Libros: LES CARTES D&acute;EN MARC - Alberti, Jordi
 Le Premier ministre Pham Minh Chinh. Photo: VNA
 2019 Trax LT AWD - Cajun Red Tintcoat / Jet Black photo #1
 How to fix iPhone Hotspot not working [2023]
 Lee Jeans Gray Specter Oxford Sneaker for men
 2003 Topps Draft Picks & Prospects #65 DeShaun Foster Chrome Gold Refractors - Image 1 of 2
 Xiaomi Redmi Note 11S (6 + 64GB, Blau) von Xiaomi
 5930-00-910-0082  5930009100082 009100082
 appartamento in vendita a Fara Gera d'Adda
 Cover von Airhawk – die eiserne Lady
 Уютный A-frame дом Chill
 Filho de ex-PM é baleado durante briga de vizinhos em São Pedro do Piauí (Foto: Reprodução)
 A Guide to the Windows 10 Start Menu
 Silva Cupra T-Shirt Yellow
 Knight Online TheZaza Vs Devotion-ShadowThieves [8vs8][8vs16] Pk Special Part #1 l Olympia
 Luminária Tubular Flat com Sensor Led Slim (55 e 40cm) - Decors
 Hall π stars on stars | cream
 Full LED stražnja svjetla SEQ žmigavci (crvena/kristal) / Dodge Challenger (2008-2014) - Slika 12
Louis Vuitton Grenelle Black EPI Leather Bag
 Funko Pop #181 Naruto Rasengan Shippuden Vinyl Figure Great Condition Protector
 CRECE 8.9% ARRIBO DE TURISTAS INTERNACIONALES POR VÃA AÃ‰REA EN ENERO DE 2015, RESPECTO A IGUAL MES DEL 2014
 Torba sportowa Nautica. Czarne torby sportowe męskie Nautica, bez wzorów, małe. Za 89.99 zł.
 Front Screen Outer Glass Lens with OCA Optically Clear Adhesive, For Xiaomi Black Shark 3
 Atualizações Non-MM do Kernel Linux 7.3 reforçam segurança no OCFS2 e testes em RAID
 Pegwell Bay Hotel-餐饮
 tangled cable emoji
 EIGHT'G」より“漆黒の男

**Your task**
The answer must be a verbatim transcription of the entries above, from the first line through the line that contains "Front Screen Outer", and nothing more.

**Final answer**
Libros: LES CARTES D&acute;EN MARC - Alberti, Jordi
 Le Premier ministre Pham Minh Chinh. Photo: VNA
 2019 Trax LT AWD - Cajun Red Tintcoat / Jet Black photo #1
 How to fix iPhone Hotspot not working [2023]
 Lee Jeans Gray Specter Oxford Sneaker for men
 2003 Topps Draft Picks & Prospects #65 DeShaun Foster Chrome Gold Refractors - Image 1 of 2
 Xiaomi Redmi Note 11S (6 + 64GB, Blau) von Xiaomi
 5930-00-910-0082  5930009100082 009100082
 appartamento in vendita a Fara Gera d'Adda
 Cover von Airhawk – die eiserne Lady
 Уютный A-frame дом Chill
 Filho de ex-PM é baleado durante briga de vizinhos em São Pedro do Piauí (Foto: Reprodução)
 A Guide to the Windows 10 Start Menu
 Silva Cupra T-Shirt Yellow
 Knight Online TheZaza Vs Devotion-ShadowThieves [8vs8][8vs16] Pk Special Part #1 l Olympia
 Luminária Tubular Flat com Sensor Led Slim (55 e 40cm) - Decors
 Hall π stars on stars | cream
 Full LED stražnja svjetla SEQ žmigavci (crvena/kristal) / Dodge Challenger (2008-2014) - Slika 12
Louis Vuitton Grenelle Black EPI Leather Bag
 Funko Pop #181 Naruto Rasengan Shippuden Vinyl Figure Great Condition Protector
 CRECE 8.9% ARRIBO DE TURISTAS INTERNACIONALES POR VÃA AÃ‰REA EN ENERO DE 2015, RESPECTO A IGUAL MES DEL 2014
 Torba sportowa Nautica. Czarne torby sportowe męskie Nautica, bez wzorów, małe. Za 89.99 zł.
 Front Screen Outer Glass Lens with OCA Optically Clear Adhesive, For Xiaomi Black Shark 3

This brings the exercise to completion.